Formaldehyde dialkyl acetals and cyclic acetal, 1,3-dioxolane, are smoothly carbonylated using N-silylamines at 140–160 °C under 70–88 kg cm⁻² CO pressure in the presence of a catalytic amount of Co₂(CO)₈ to give the corresponding 2-alkoxyamides in moderate to good yields. In the carbonylation of formaldehyde dialkyl acetals using N-silylamines, addition of pyridine drastically enhances the catalytic activity.     

Direct synthesis of acetals by rhodium catalysed hydroformylation of alkenes in the presence of orthoformate

The two catalyst precursors [Rh₂(μ-penicillamine)₂(CO)₄][OTf]₂ and [Rh₂(μ-cysteine)₂(CO)₄][OTf]₂ in the presence of 4 equivalents of P(OPh)₃ in triethyl orthoformate as solvent and reactant, permit the low pressure hydroformylation of various alkenes into the corresponding acetals. Apart from a few low-yield by-products resulting from isomerization of the substrates, the carbonylated products obtained directly and exclusively are acetals.     

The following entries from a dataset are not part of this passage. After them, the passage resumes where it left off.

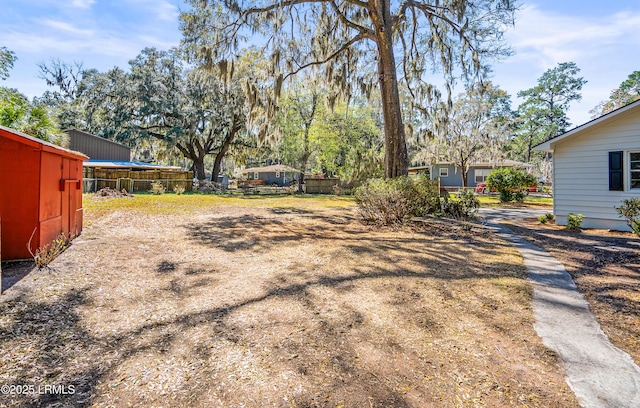 view of yard with fence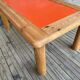 Modernist pine and orange lacquered coffee table, 1970s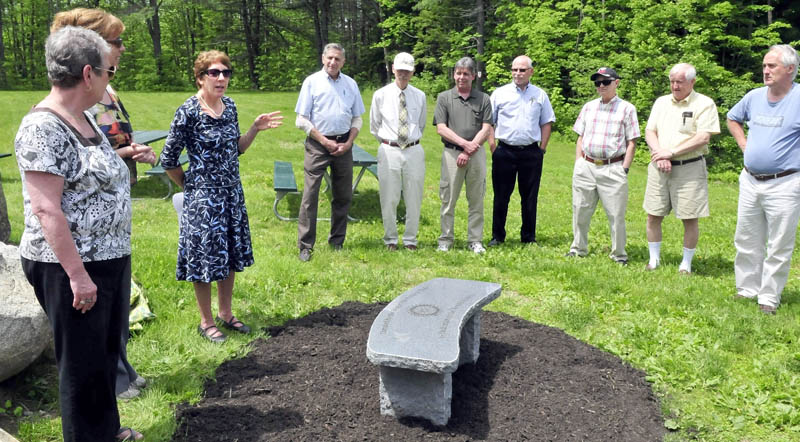 Waterville Rotary Club President Suzanne Uhl-Melanson gestures while dedicating a sitting bench in honor of the years of community service from the Willard B. Arnold family, at the Quarry Road Recreation Area in Waterville on Monday. The Arnold family has been involved with the club and local efforts since 1918. Bill Arnold was unable to attend the dedication.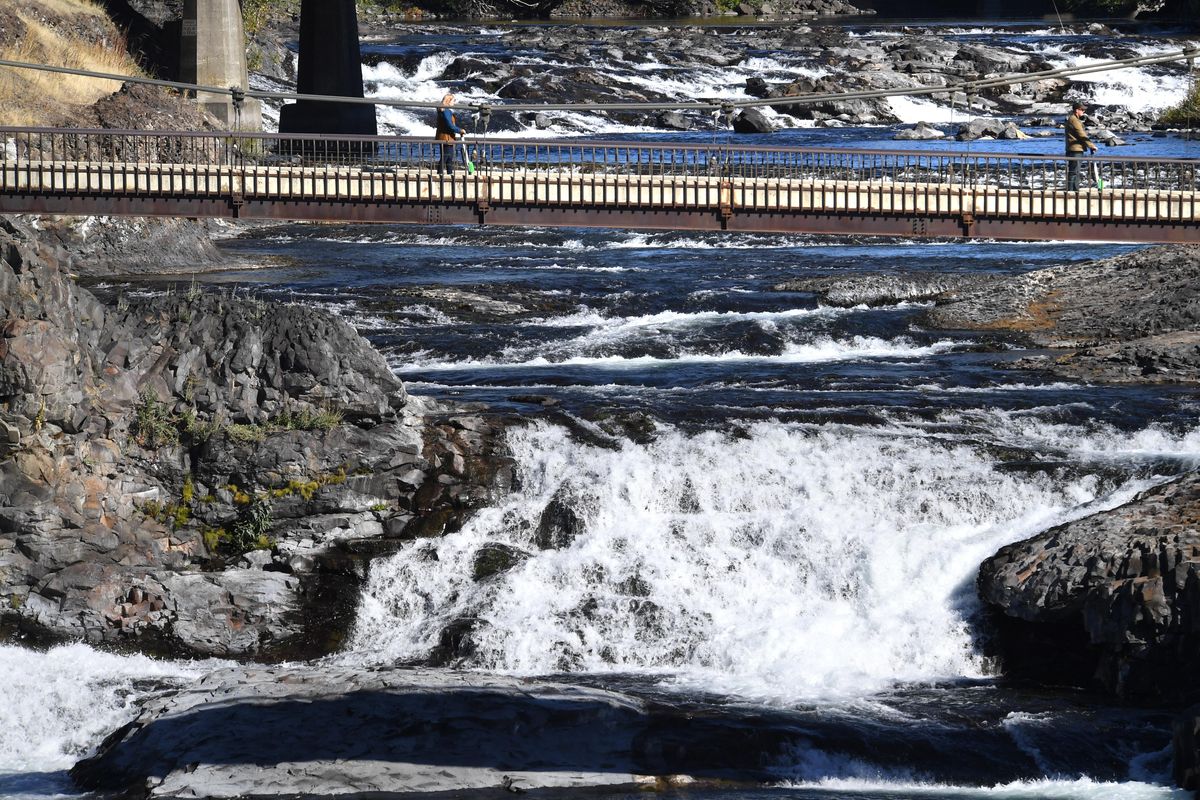 Riders on Lime scooters cross the footbridge over the Spokane River Upper Falls. (Dan Pelle / The Spokesman-Review)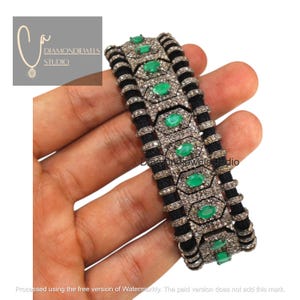 Può includere: Un bracciale nero e argento con pietre preziose color smeraldo. Il bracciale presenta una fascia nera intrecciata con maglie argentate di forma geometrica. Le maglie sono adornate da piccole pietre trasparenti e gemme verdi ovali.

Efficient preparation of 4-methoxy-5,6-dihydro-2H-pyran

We report the efficient synthesis of 4-methoxy-5,6-dihydro-2H-pyran (MDHP) via the TiCl₄ driven elimination of MeOH from 4,4-dimethoxytetrahydropyran. The previous difficulty of preparing MDHP restricted the wider use of 4-methoxytetrahydropyran-4-yl (MTHP) acyclic acetals, which have desirable protecting group properties when compared to more commonly used MOM- and THP-acetals. The behaviour of the elimination on related acetals is also examined.     

Indium(III) triflate catalysed transacetalisation reactions of diols and triols under solvent-free conditions

Acyclic acetals and ketals undergo transacetalisation in the presence of catalytic quantities of indium(III) triflate (In(OTf)₃) and diols or triols under solvent-free conditions to generate the corresponding cyclic acetals and ketals in excellent yield. The methodology has been further developed to encompass a tandem acetalisation-acetal exchange protocol, which provides a facile and high yielding route to cyclic ketals from unreactive ketones under very mild reaction conditions.